When Did We Forget About Behavior?
There’s nothing like a good UX conference, webinar, lecture or workshop. We UXers are a knowledge loving people, and we are always looking to expand our minds and get better at what we do. I’ve had the privilege to attend several of these learning opportunities, and learn I have. But there is one topic that rarely gets addressed, or at least doesn’t get addressed as much as I would like, and that is behavior. This thought dawned on me during BJ Fogg’s keynote presentation at Healthcare Experience Design 2011. He spent the entire time talking about how to influence and change behavior, and all I kept thinking is “Why don’t we talk about this stuff more?”.
Now of course there are a few people in our field that try to pull us into the discussion. Stephen Anderson is someone that comes to mind right away as a behavior and psychology focused UX advocate. Whitney Hess also talks about this in her Design Principles: The Philosophy of UX talk.
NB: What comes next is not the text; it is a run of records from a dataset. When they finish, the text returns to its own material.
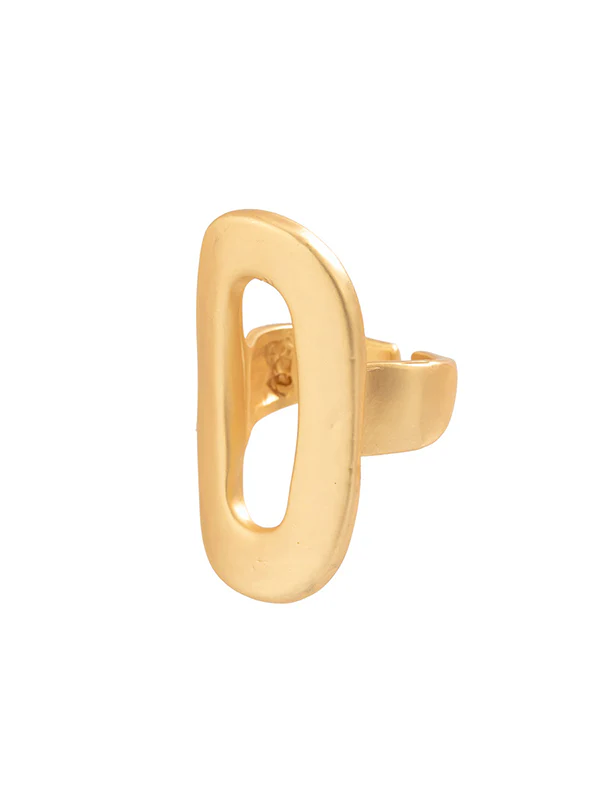 Adjustable Geometric Hollow Solid Color Rings Accessories - Image 7
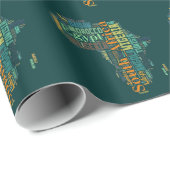 アフリカ語アート ラッピングペーパー (ロールコーナー)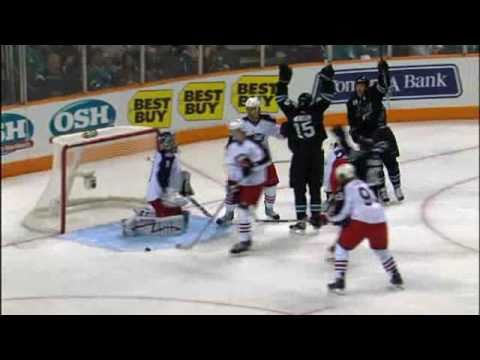 Dany Heatley hat-trick Against Blue Jackets - NHL Fox Sports Ohio Feed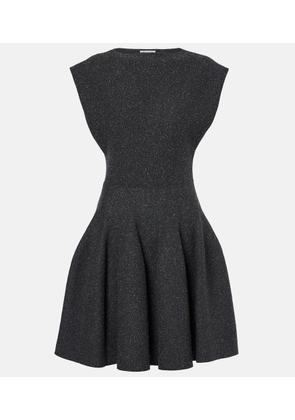 Alaia Godet silk-blend minidress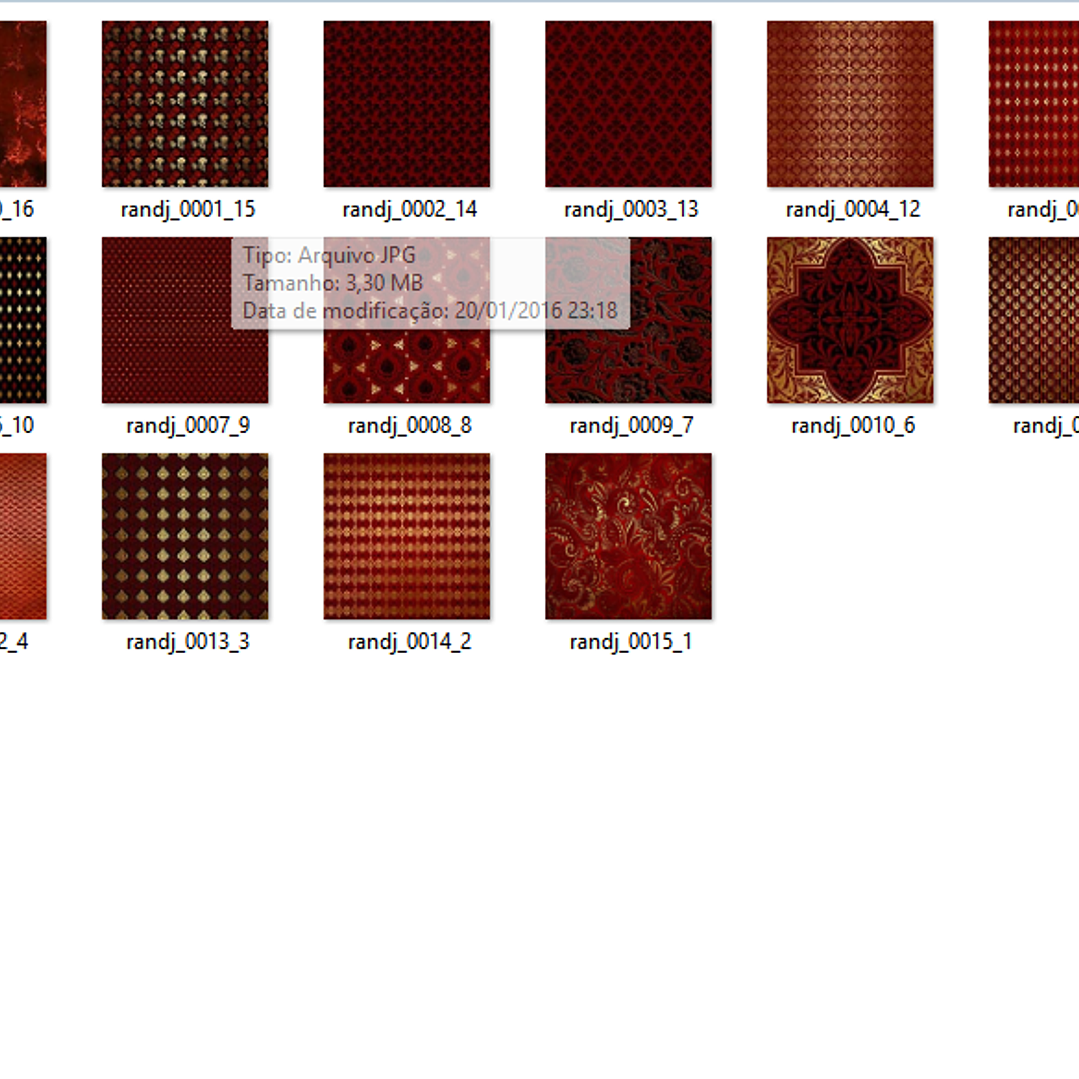 Kit Digital Papeis Vermelhos  2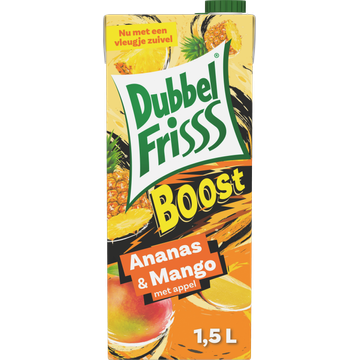 DubbelFrisss Boost Ananas - Mango 1,5L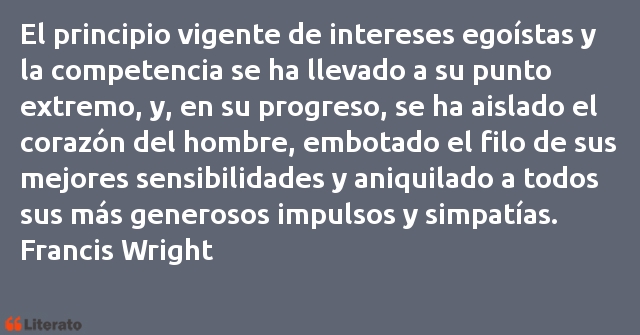 Frases de Francis Wright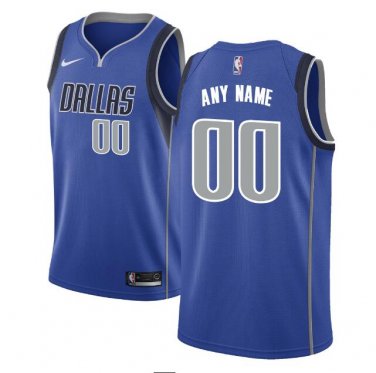 Custom Dallas Mavericks Swingman Jersey Royal - Icon Edition S M L XL XXL XXXL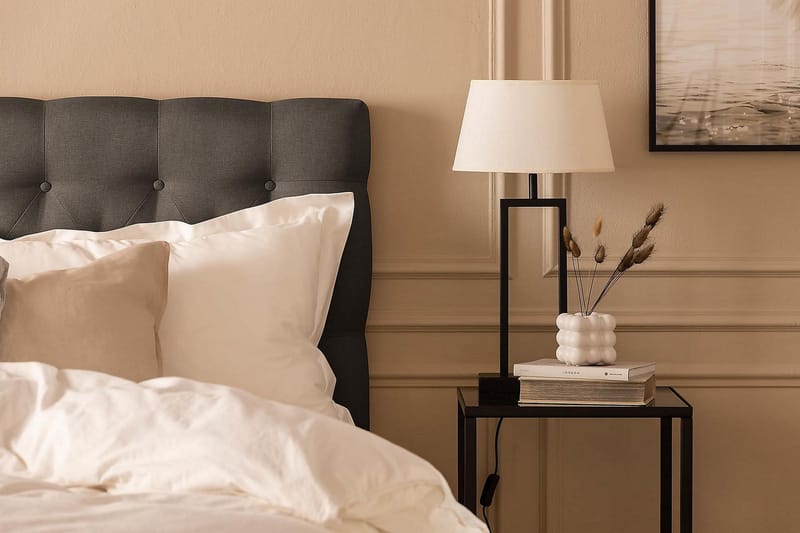 Kontinentalseng Nayaka 150x200 Memorymadrass - Mørkegrå - Møbler - Senger - Kontinentalsenger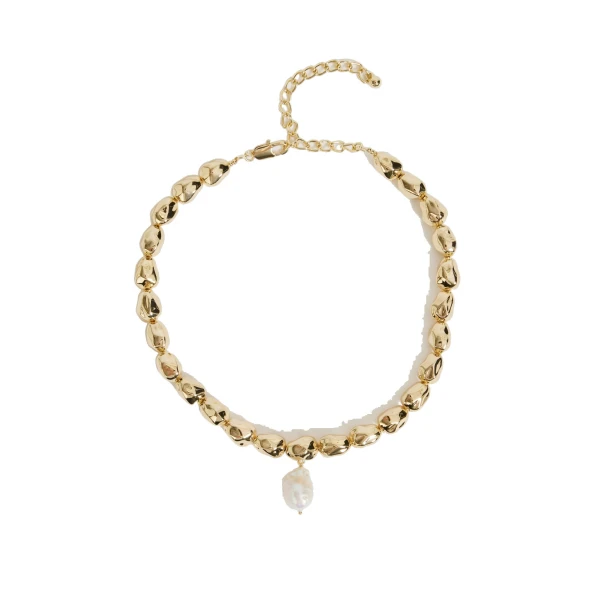 Aje Spencer Necklace in Gold/Pearl | Necklace | Coveti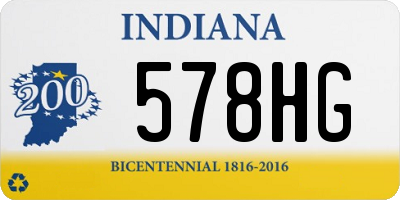 IN license plate 578HG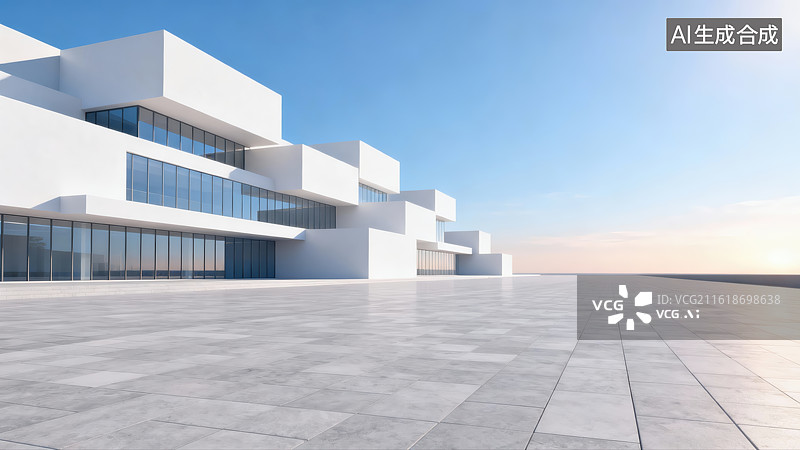 【AI数字艺术】三维渲染的人造空间别墅汽车背景图图片素材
But the ratio of behavior discussion to physical deliverable and process discussions seems off (is it just me??).
The problems that I see stemming from this imbalance is that we, at times, forget that it is behavior that we are trying to understand, utilize and manipulate. Behavior is the what, and understanding it is the foundation we need in order to get to the hows (sketches, wireframes, prototypes, etc). If we are not talking about behavior, then where is our foundation? And if we do not have a foundation, then how can we progress User Experience any further? Without a foundation, UX is a castle made of sand, and it will surely crumble.
Therefore, we need to start talking, thinking, writing and reading more about user behavior. We need to go out of our way to understand all we can about it and become familiar with the authors and experts that provide us with behavior insights. And, we need to look both internally for these resources as well as externally because many of the behavior experts are outside of our UX field.
Once we are able to balance out our physical interests (the hows) with our conceptual base (the whats) we become more holistic designers. We will then be able to not only solve more complex problems quicker, but will be able to progress UX as a profession due to the firm foundation that we have created on which to stand. This is another facet to becoming more than just the people that document and design the interfaces (if you are happy doing that, that’s awesome… I’m serious). We become the user behavior experts, and have the rational and knowledge to back up our designs as well as our products overall. We become an even more important asset to our organizations and businesses, and we ultimately bring better solutions to our users.